EXERCISE AIM —
Every entry needs to be written out again exactly, with its pictures removed.

RECORD EXCERPTS —
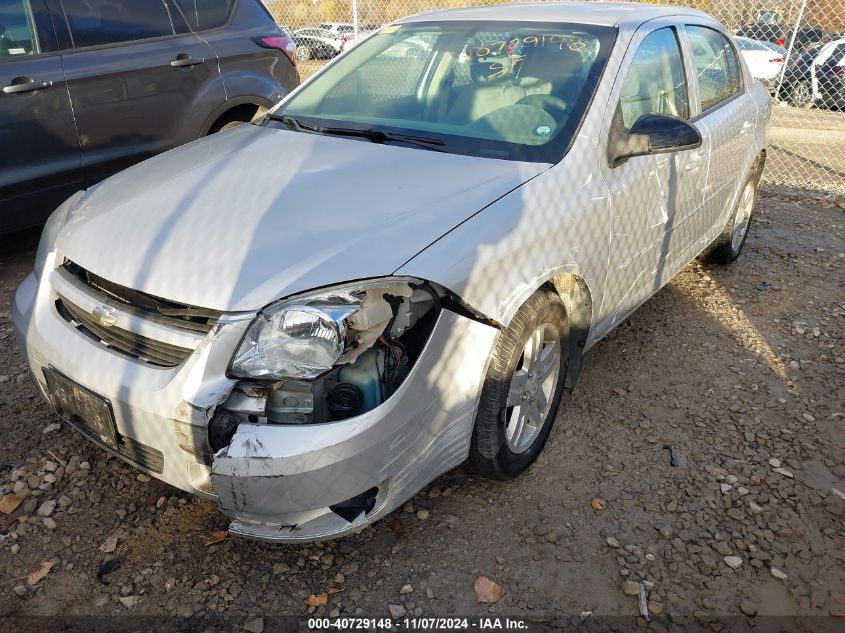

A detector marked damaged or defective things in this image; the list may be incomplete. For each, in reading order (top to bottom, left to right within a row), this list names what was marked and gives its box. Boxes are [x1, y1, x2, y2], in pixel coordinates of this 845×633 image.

damaged front bumper [13, 270, 498, 540]
broken headlight [229, 278, 420, 380]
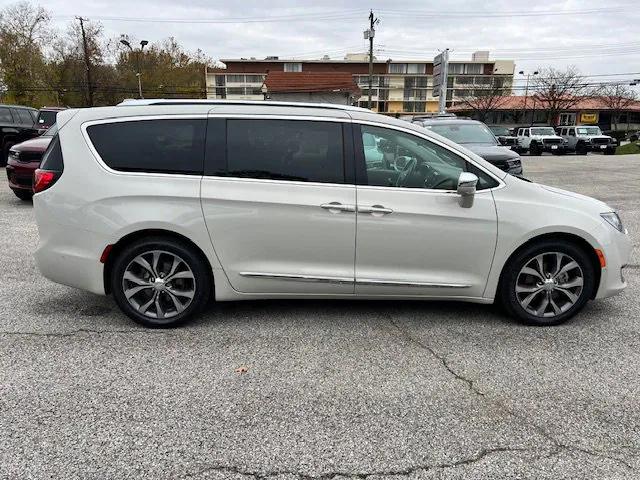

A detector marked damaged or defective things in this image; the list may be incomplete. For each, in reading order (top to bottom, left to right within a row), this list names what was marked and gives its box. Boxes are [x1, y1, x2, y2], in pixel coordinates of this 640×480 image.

cracked asphalt [1, 156, 640, 478]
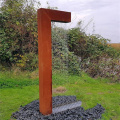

EXERCISE RESULT —
A detector marked damaged or defective things in this image; the list may be incomplete. For each, in reading order (top to bottom, left to right within a row), this list names what was marked and gives its box. Boxes are [x1, y1, x2, y2], in pixel coordinates of this 845×633 image.

damaged front bumper [13, 270, 498, 540]
broken headlight [229, 278, 420, 380]

A detector marked damaged or defective things in this image; the list may be incomplete. For each, in reading order (top to bottom, left to right within a row), this list names what was marked and gives its box. Boxes are [x1, y1, x2, y2], in pixel coordinates of this 640×480 image.

cracked asphalt [1, 156, 640, 478]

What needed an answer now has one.